The problem: Beginning with the line below that contains "Stanley Boughey Place, Nantwich" and ending with the line that contains "Picture of Unsere", copy every line exactly. Copy nothing else.

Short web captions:
---

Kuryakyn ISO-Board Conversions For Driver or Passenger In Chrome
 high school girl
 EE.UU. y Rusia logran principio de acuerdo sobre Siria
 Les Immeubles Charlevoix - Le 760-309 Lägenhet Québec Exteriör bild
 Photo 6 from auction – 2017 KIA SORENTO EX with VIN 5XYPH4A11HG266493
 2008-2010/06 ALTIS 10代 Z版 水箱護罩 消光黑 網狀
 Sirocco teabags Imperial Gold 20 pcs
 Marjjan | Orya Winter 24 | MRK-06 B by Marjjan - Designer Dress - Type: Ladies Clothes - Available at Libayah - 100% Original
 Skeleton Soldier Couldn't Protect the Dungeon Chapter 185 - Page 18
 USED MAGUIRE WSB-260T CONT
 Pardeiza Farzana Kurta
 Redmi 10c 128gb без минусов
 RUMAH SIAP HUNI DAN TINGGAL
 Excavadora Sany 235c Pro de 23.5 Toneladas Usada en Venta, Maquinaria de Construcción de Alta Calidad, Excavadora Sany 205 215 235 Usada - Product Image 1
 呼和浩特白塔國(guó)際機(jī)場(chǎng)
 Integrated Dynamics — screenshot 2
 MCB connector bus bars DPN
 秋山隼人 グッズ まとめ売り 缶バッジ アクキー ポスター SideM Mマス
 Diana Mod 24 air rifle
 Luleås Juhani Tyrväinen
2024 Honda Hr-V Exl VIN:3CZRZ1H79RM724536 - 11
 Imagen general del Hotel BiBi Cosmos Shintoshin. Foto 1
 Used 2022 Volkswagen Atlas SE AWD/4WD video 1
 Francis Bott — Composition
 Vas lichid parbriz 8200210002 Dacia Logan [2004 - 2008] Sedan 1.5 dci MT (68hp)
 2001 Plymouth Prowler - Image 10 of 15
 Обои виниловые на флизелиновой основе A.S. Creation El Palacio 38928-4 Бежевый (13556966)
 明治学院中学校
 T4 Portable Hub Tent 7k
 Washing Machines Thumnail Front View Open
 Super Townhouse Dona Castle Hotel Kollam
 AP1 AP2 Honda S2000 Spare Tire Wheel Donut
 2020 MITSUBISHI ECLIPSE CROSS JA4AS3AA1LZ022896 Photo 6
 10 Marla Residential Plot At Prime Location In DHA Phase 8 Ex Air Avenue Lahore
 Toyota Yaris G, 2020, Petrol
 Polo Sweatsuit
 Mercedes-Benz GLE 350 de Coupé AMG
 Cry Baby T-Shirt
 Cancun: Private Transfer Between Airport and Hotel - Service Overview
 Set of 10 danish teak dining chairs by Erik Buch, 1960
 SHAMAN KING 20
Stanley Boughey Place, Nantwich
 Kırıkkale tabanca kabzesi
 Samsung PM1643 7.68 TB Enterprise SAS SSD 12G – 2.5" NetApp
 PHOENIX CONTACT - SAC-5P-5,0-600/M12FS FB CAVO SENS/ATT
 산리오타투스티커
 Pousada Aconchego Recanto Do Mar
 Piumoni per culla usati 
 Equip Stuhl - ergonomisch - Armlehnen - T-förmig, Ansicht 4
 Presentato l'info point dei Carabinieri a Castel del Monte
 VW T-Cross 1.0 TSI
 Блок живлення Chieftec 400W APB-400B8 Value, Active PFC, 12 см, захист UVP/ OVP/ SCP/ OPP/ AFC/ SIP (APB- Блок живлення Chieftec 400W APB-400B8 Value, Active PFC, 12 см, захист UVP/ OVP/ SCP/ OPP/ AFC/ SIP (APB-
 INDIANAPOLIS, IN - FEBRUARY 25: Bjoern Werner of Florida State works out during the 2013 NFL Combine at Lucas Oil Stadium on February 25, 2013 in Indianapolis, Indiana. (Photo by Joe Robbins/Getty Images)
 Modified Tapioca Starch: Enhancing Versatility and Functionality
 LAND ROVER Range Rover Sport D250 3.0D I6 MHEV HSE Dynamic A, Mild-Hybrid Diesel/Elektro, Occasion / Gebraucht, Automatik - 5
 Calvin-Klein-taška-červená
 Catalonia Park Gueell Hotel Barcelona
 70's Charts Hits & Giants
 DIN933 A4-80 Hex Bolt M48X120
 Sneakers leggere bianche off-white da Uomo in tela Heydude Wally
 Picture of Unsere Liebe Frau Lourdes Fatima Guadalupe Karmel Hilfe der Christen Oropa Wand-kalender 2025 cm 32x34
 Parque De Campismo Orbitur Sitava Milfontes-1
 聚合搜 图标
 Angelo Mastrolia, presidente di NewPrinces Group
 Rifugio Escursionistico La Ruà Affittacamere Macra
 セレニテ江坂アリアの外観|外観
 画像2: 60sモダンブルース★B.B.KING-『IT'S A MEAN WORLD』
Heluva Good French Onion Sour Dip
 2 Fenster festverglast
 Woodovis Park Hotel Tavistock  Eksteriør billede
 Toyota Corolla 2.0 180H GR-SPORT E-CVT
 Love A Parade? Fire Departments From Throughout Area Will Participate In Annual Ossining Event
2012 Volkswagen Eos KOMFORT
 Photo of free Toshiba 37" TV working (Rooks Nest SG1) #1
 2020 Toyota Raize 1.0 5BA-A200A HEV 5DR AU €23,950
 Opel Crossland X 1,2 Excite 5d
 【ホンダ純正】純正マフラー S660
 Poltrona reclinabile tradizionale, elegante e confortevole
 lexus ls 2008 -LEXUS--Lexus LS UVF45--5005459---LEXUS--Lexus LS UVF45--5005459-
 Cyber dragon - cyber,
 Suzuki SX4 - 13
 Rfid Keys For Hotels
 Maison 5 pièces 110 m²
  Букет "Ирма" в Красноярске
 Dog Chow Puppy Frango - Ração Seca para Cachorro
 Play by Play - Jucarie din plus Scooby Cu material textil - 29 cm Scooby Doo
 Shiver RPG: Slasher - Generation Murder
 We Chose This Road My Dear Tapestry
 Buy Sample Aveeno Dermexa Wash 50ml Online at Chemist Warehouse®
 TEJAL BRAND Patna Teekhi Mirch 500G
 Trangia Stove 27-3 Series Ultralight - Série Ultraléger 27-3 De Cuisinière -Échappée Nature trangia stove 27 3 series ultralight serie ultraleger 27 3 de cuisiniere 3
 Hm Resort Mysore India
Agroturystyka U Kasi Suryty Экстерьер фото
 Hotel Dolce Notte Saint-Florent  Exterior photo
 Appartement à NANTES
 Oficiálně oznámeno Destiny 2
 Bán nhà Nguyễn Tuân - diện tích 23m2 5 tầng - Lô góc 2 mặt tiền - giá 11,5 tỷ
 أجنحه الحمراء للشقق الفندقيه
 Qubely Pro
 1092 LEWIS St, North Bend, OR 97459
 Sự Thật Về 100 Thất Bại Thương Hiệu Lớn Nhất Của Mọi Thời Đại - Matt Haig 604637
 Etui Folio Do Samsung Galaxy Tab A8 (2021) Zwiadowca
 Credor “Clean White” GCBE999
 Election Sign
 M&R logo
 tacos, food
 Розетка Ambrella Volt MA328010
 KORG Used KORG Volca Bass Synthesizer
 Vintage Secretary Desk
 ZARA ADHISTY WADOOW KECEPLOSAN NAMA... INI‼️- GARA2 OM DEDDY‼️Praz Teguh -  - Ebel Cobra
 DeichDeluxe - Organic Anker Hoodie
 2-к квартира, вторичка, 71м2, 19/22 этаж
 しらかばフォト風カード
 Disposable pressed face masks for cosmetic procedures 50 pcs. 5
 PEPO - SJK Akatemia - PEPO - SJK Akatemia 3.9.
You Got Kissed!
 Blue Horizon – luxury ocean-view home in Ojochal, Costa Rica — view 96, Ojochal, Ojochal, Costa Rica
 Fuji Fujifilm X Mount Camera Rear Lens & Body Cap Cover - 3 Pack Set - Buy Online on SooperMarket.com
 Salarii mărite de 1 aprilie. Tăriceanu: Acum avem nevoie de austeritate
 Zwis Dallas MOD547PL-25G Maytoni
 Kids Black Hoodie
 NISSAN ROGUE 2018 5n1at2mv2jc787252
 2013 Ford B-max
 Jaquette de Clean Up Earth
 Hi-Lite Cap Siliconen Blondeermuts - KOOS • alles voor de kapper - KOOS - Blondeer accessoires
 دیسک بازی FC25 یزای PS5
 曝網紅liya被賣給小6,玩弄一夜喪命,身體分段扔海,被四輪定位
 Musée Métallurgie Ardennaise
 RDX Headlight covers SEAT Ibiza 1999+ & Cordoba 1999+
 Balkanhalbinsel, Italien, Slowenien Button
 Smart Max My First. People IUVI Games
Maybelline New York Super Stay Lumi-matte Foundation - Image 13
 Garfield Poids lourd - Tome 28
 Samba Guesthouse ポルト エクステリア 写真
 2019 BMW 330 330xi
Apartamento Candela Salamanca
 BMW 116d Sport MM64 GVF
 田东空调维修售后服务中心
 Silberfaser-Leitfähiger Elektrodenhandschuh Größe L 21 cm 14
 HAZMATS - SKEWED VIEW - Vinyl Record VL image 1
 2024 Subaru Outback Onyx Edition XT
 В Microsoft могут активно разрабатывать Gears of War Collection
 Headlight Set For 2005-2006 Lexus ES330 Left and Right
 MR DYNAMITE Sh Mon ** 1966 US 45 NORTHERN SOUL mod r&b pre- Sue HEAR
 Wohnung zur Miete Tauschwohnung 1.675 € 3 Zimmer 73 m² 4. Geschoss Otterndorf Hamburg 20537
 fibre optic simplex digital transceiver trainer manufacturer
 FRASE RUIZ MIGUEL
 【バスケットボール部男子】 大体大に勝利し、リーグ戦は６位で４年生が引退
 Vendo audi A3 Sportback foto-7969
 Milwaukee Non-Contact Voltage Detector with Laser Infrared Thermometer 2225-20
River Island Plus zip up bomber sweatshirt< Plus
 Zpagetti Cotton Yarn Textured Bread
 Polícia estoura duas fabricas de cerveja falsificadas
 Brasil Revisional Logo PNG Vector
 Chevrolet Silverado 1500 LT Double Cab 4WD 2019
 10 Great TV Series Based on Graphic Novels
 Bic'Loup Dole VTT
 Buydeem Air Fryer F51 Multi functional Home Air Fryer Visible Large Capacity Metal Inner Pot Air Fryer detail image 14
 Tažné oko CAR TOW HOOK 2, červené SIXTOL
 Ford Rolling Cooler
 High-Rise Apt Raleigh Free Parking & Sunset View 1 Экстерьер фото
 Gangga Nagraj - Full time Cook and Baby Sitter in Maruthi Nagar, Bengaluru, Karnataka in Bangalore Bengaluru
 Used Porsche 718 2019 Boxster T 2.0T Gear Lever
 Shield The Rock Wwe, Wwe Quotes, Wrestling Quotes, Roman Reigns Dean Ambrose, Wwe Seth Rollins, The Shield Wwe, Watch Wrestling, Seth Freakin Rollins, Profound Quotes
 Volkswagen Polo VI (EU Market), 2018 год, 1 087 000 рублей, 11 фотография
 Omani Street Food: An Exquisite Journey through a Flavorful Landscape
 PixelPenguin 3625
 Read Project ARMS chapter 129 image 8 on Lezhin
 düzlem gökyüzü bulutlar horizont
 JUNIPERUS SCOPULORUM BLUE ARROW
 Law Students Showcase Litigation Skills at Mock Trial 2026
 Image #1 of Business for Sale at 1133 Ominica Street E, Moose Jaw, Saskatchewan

---

Finished task:
Stanley Boughey Place, Nantwich
 Kırıkkale tabanca kabzesi
 Samsung PM1643 7.68 TB Enterprise SAS SSD 12G – 2.5" NetApp
 PHOENIX CONTACT - SAC-5P-5,0-600/M12FS FB CAVO SENS/ATT
 산리오타투스티커
 Pousada Aconchego Recanto Do Mar
 Piumoni per culla usati 
 Equip Stuhl - ergonomisch - Armlehnen - T-förmig, Ansicht 4
 Presentato l'info point dei Carabinieri a Castel del Monte
 VW T-Cross 1.0 TSI
 Блок живлення Chieftec 400W APB-400B8 Value, Active PFC, 12 см, захист UVP/ OVP/ SCP/ OPP/ AFC/ SIP (APB- Блок живлення Chieftec 400W APB-400B8 Value, Active PFC, 12 см, захист UVP/ OVP/ SCP/ OPP/ AFC/ SIP (APB-
 INDIANAPOLIS, IN - FEBRUARY 25: Bjoern Werner of Florida State works out during the 2013 NFL Combine at Lucas Oil Stadium on February 25, 2013 in Indianapolis, Indiana. (Photo by Joe Robbins/Getty Images)
 Modified Tapioca Starch: Enhancing Versatility and Functionality
 LAND ROVER Range Rover Sport D250 3.0D I6 MHEV HSE Dynamic A, Mild-Hybrid Diesel/Elektro, Occasion / Gebraucht, Automatik - 5
 Calvin-Klein-taška-červená
 Catalonia Park Gueell Hotel Barcelona
 70's Charts Hits & Giants
 DIN933 A4-80 Hex Bolt M48X120
 Sneakers leggere bianche off-white da Uomo in tela Heydude Wally
 Picture of Unsere Liebe Frau Lourdes Fatima Guadalupe Karmel Hilfe der Christen Oropa Wand-kalender 2025 cm 32x34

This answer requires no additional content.